Perfect. And then just another one, I guess, on the multi-price point test. Maybe just can you remind us what you have found in the past as you have tested these, what you did and didn't like and what you're specifically looking for this time? And how long you expect to do this test?

Gary Philbin

Analyst

Kelly, you're probably asking more than I can answer. But I would say what we saw in both Oops and Dollar Tree -- remember, Deals was a single-price point banner, and then we converted it to some multi-price. And in fact, we took some Dollar Trees along the way and added that to a Dollar-Tree-Deals format. So what's the takeaway? Our customers are very loyal to what Dollar Tree represents, we all know that. It's a brand. It's not just price and item. It's a brand that they can count on as they walk through the door. And so between what we marketed, how we showed it in-store, the categories that we put it in, how our customers shop, different categories and adjacencies, those are all the things that we captured with the other tests that gave us insight. And as we go into this, we take some of those learnings just to say, "Let's be as smart as we can in what we're trying to achieve in terms of success." And I can't put a time line on it for you. I mean, this is a test and learn.

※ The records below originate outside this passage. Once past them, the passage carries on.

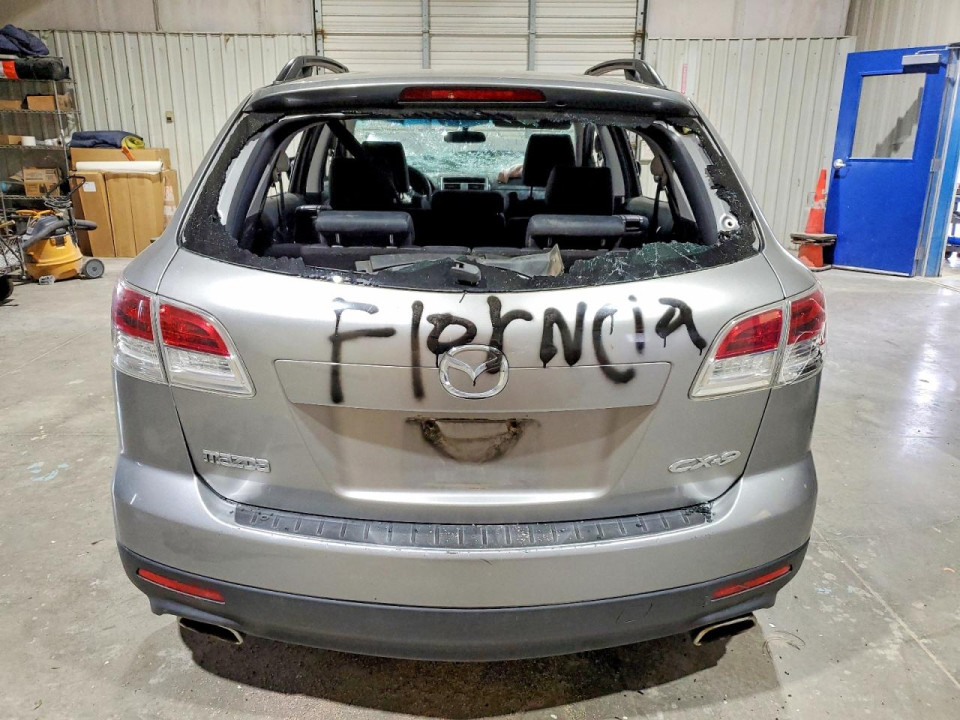 Mazda CX9 4X2 GRAND TOURIN 2009 — Copart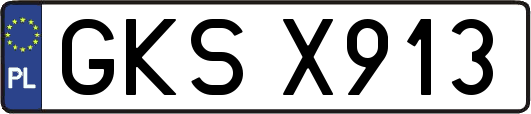 GKSX913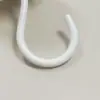 Suministro Directo de Fábrica de Ganchos Resistentes y Duraderos en Forma de S, Ganchos Metálicos Multifuncionales a Resorte a Prueba de Viento para Almacenamiento en el Hogar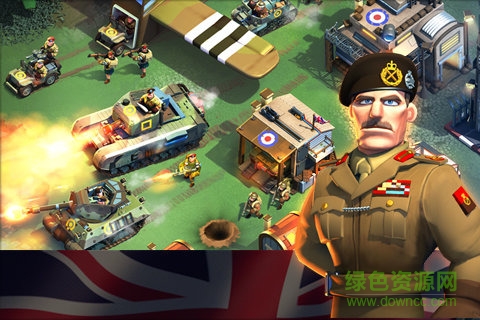 元首戰(zhàn)爭手游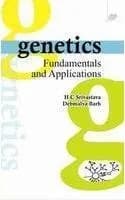 Image of - Genetics Fundamentals and Applications. | Paperback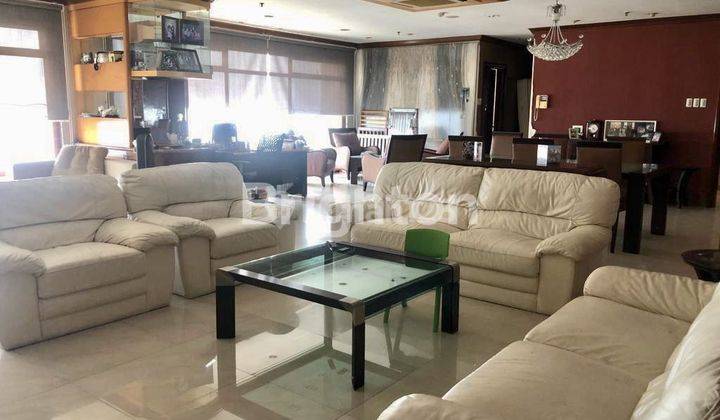 APARTEMEN PANTAI MUTIARA ENGGANO TOWER VIEW LAUT FULL FURNISHED MID FLOOR JAKARTA UTARA 1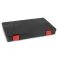Fox rage Caja de señuelos Stack N Store Shield 12 compartments small shallow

You do something, you tweak it, and you change it. So those -- that's just been really the discipline we bring to, to make sure we understand what is it we're doing, what's our customers seeing. And quite frankly, the customer research. At the end of the day, it tells us what our customer sees on this. So more to come. I'm just not -- we'll go into this with the eyes wide open, based on what we've done in the past, and do it in a very disciplined, logical way.

Operator

Operator

Thank you, everyone. This concludes today's question-and-answer session. I will now turn the conference back over to Mr. Randy Guiler.

Randy Guiler

Operator

Thank you, Britney. And thank you for joining us for today's call and for your continued interest in Dollar Tree and Family Dollar. Our next quarterly earnings conference call to discuss Q1 results is tentatively scheduled for Thursday, May 30, 2019. Thank you, and have a good day.

Operator

Operator

Thank you, everyone. This concludes today's teleconference. You may now disconnect.